By Alex Robertson
BBC Scotland news website
Glasgow and West reporter
A ban on smoking in public places has come into effect in Scotland. But how has the ban been received?
The Magic Blues Surfers lose their residency as a result of the ban
With the sound of the blues drifting down Glasgow's Byres Road on a cold February night, I turned and vowed not to return until smoking was banned.
It had been a night which assaulted the senses for all the wrong reasons - none of them musical.
Under a low roof in a bar without windows some of Scotland's finest blues guitarists gathered on a Sunday to jam.
It was standing room only when I walked into a bar which proved a smoky blues club is no cliché.
The band - The Magic Blues Surfers - appeared through a haze of smoke captured in light beams.
As a 12-bar blues rift filled the room, smoke stripped my throat and invaded my lungs.
I started coughing and smoke enveloped me, clinging to my clothing, hair and skin.
Mountainous ashtrays sat surrounded by chain smoking music fans.
Each breath was like inhaling a cigarette and after a few numbers I reached for the door and gulped fresh clear air.
I vowed not to return until Sunday 26 March.
On my return, evidence of the ban jumped out from every pub on the journey from the south side of Glasgow.
In the pouring rain smokers huddled in doorways.
When I reached Studio One I saw two young women smoking outside.
Inside I witnessed what seemed an entirely different venue.
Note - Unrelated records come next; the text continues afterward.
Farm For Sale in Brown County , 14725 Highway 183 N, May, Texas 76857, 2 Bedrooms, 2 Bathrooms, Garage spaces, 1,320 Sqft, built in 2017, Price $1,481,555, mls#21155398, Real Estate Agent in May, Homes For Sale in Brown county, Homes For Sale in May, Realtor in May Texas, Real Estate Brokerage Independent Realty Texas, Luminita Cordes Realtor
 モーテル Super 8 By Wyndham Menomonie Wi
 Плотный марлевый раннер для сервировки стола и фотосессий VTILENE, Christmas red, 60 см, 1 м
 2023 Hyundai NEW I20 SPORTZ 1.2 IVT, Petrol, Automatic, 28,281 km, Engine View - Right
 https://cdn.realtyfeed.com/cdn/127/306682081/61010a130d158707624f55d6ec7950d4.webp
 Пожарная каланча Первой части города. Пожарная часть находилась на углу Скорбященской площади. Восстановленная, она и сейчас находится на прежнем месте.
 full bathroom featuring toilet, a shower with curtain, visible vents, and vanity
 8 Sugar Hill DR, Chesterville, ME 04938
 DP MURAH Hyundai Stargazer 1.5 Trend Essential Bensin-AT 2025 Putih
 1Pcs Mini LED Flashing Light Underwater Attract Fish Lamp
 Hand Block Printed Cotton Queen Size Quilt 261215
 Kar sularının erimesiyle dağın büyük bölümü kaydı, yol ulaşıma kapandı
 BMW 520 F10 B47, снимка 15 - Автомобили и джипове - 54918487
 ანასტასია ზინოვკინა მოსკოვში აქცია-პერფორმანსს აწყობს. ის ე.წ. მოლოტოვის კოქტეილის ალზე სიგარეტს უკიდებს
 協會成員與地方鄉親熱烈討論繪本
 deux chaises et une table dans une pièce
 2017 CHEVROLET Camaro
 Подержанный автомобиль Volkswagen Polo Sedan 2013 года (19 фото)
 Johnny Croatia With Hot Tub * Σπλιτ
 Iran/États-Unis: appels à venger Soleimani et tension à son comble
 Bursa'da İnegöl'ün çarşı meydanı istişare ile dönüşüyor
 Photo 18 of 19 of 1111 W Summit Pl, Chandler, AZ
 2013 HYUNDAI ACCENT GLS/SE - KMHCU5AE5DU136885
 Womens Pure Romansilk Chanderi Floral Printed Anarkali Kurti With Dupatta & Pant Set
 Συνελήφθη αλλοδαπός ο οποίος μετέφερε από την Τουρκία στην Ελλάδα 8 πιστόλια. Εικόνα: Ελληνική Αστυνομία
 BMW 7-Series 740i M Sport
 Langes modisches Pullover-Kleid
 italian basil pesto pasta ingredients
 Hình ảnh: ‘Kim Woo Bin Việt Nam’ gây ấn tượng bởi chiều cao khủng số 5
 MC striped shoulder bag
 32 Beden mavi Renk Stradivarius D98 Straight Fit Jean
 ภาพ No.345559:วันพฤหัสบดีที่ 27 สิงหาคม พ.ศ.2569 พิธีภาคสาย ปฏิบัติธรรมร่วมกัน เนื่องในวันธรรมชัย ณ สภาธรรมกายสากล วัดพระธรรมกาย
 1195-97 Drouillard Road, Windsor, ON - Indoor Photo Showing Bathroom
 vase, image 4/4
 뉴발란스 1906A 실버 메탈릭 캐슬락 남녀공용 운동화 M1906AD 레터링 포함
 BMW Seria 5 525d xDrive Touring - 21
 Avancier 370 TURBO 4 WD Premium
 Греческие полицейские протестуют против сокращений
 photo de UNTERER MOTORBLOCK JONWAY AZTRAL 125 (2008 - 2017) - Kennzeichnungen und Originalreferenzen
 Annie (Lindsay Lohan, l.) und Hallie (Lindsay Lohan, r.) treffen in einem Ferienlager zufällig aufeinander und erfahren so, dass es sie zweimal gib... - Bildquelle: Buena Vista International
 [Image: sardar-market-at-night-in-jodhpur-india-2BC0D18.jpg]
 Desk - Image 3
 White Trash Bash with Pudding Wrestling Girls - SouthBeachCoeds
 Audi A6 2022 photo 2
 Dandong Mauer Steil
It smelled clean, overwhelmingly so, though the walls and ceiling were still nicotine-stained.
Disinfectant hung in the air and as the band set up and carried out their sound check, a few punters looked on.
It was cold and surprisingly the lack of smoke removed atmosphere.
On the sound check one band member told the crowd of a "momentous day".
It was most definitely much quieter but then it was pouring of rain outside.
When the band opened, I had a clear view and the air was filled with the sweet smell of lager and perfume.
It was about the music.
Smoker Jim Ward, 51, from Glasgow founded The Magic Blues Surfers.
He is resigned to the ban: "It is difficult. A ban was unfortunately inevitable.
"I'm going to have to get used to it though I smoke heavily when I'm working and having a beer.
"Outside, it's cold and wet. There's a lot of people not here tonight.
"I accept the ban and want to give up so it might help."
The band are moving from their Sunday night residence while the bar is refurbished to provide accommodation for smokers.
John Preston and Dougie Speirs both welcome the ban
In the audience, Dougie Speirs, 52, from Helensburgh, said he stopped smoking 12 months ago when he had a heart attack.
Dougie had smoked since he was 12.
He said: "The heart attack convinced me, it was dying for recognition.
"I loved smoking, absolutely loved it but mortality was the reason to give up.
"I'm all for a ban."
Non-smoker John Preston, 43, from Newton Mearns, said: "There is less atmosphere but I'd happily sacrifice that.
"I am 100% in favour of the ban, you can go home without stinking of smoke.
"The ban also encourages people who don't smoke to come along to nights like this."
A smoky blues club is not a cliché, in Scotland at least, where it is now history.